Consider the facts of the health care financing proposals. The bill brought to the Senate floor most likely will contain financing provisions of the bill passed by the Finance Committee.  (The bill passed by the other Senate committee isn’t paid for at all and would add hundreds of billions more to the federal deficit.) And, if a Reid bill containing the Finance Committee provisions becomes law, then the President’s promise not to raise taxes on families making less than $250,000 will be broken. In fact, the Joint Committee on Taxation (JCT) — the nonpartisan tax experts in Congress — has concluded that the Finance Committee bill would increase taxes, on average, for single people making over $40,000 a year and married couples earning over $75,000 a year.

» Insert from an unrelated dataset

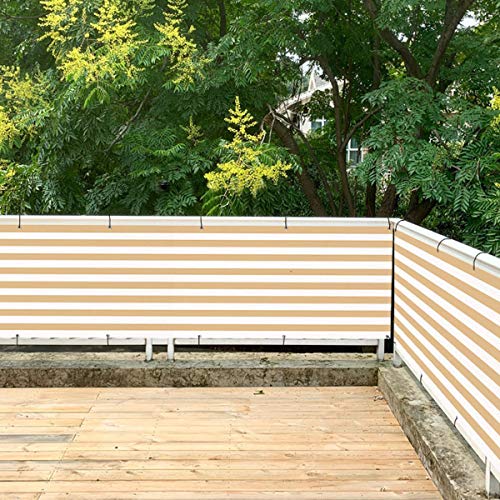 SUNNY GUARDバルコニーシェード 2.7×1m カーキ・ホワイト ベランダ目隠し オーニング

Here’s how. The Finance Committee bill calls for a new excise tax on high-cost health insurance plans. The Congressional Budget Office (CBO) — the official scorekeeper in Congress — and JCT testified that this new excise tax would be passed onto consumers in the form of higher premiums.  These nonpartisan experts said 90 percent of the consumers who would bear the burden of this new excise tax earn less than $200,000 a year. 

The Finance Committee bill also limits the tax deduction you can take for medical expenses.  Under the bill, you would no longer be able to deduct medical expenses that exceed 7.5 percent of your adjusted gross income (AGI). Instead, you would be able only to deduct expenses that exceed 10 percent of your AGI. Based on data from JCT, this proposal to eliminate part of the deduction for medical expenses would increase taxes on people with income between $50,000 and $75,000.